There are certain risk factors that may increase a person’s chance of developing breast cancer.  Some of these include:

  • Being female
  • Being over the age of 60
  • Being overweight or obese, particularly after menopause (fat tissue increases estrogen levels which increases breast cancer risk)
  • Having a family history of breast cancer, particularly for a woman who has a mother, sister, or daughter who has or had breast cancer
  • Smoking
  • Having abnormal breast cells (found by looking through a microscope)
  • Consuming a diet high in fat
  • Using oral contraceptives within the past 10 years
  • Maintaining a sedentary lifestyle
  • Drinking increased levels of alcohol
  • Having high breast density
  • Previously using DES (a drug commonly given to pregnant women from 1940 to 1971)

Researchers believe that certain gene changes also increase the risk of developing breast cancer.

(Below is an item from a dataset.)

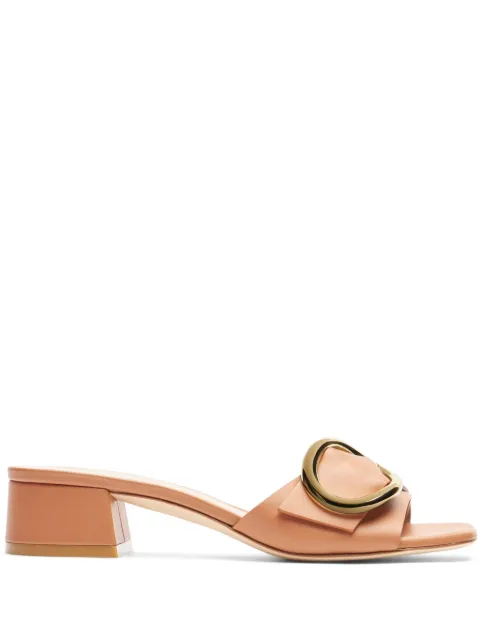 Stuart Weitzman Benni leather mules Brown SI598SPO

In particular, mutations in the BRCA1 and BRCA2 genes have been linked to hereditary breast cancer. Gene testing reveals the presence of potential genetic problems, particularly in families that have a history of breast cancer.

NOTE: Anything that increases your risk of getting a disease is called a risk factor. Having a risk factor does not mean that you will get cancer. Not having risk factors doesn’t mean that you will not get cancer. If you think you may be at risk, you should discuss it with your doctor.